Postdoctoral Fellows
Alyssa James
2024–2026 Postdoctoral Fellow, Anthropology
PhD in Sociocultural Anthropology, Columbia University
Alyssa A. L. James is a sociocultural anthropologist with research interests in colonial and commodity histories and their material reverberations through time in the French Caribbean. She uses ethnographic and archival methods to carry out immersive and historically grounded fieldwork in France and the Caribbean. The heart of her research is on the heritage coffee revival project in Martinique. Her current book project, Vexed Temporality: Coffee Pasts and Parallel Futures in the French Caribbean, examines how Martinicans experience and articulate this revival of the past and the production of new futures. While theorization on Caribbean temporality often addresses the ways futures are constructed and constrained by the past and its afterlives, Vexed Temporality traces how our interpretations of the past and present are shaped by the ends we pursue.

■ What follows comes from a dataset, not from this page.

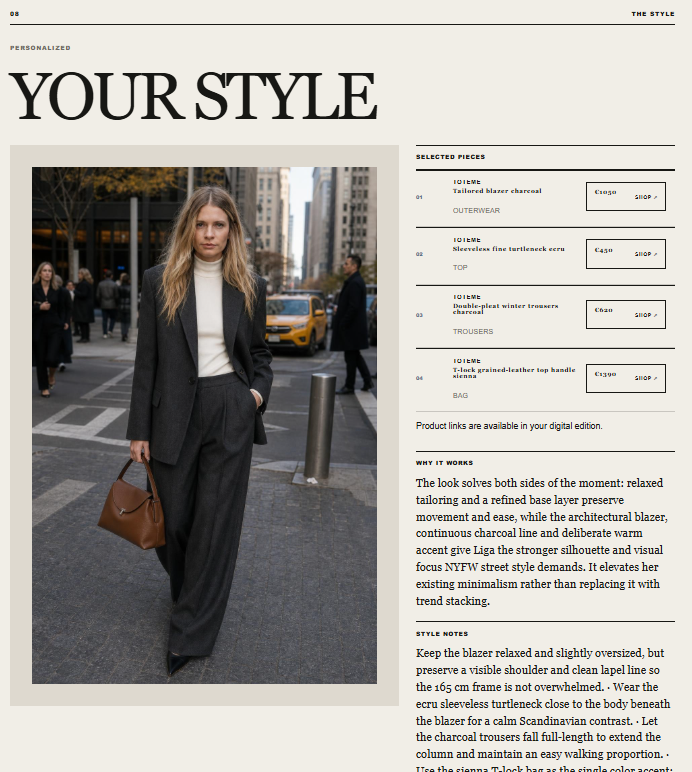 THIS YOU personalized Your Style editorial spread for another reader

Alyssa is a Jamaican Canadian scholar and writer from Toronto, Canada. She is a PhD Candidate in Sociocultural Anthropology at Columbia University and holds an M.A. in Social Anthropology from York University, and an Honours B.Sc. with distinction in Psychology and Equity Studies from the University of Toronto. Her research has received generous support from the Social Sciences and Humanities Research Council of Canada and the Wenner-Gren Foundation. She is the 2023 recipient of the Setha M. Low Engaged Anthropology Award from the American Anthropological Association for her work on the Black feminist anthropology podcast Zora’s Daughters. In her free time, you can find Alyssa dancing, travelling, or hanging with her rescue dog Frankie.